A forbidden kiss, a feisty heiress and a family divided by secrets, make this Regency romance and entertaining read.

With lots of plot twists, a heroine and hero who practically combust when they are in the same place and a scandalous family tragedy, this story is different from the usual Regency romances of debutantes and rakes but still retains a believable historical setting and a lovely conflicted love story.

Isabella’s cruel childhood makes her self-reliant and stubborn, she respects her older siblings advice but knows her mind. Wulf ‘s childhood memories are mostly bad. Shunned by polite society, he lives up to his rakish reputation until his serendipitous meeting with Isabella. Their romance is an enticing mix of innocence and sensuality, but Wulf won’t risk Isabella’s reputation despite her provocation, and their love seems doomed before it takes flight.

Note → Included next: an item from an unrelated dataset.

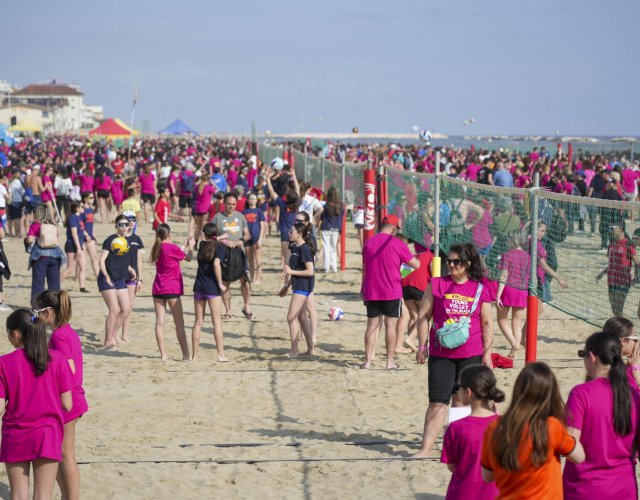 24° YOUNG VOLLEY ON THE BEACH 24° YOUNG VOLLEY ON THE BEACH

A gentle paced story with a few unusual plot twists, one of which remains unanswered, perhaps for another story? I liked the two main protagonists. The cast of family characters adds depth to the story without detracting from its romantic focus. Intertwined with historical detail, which sets the scene but doesn’t slow the pace, it’s perfect if you fancy a romantic Regency tale with a mysterious twist.

I received a copy of this book from Mills and Boon via NetGalley in return for an honest review.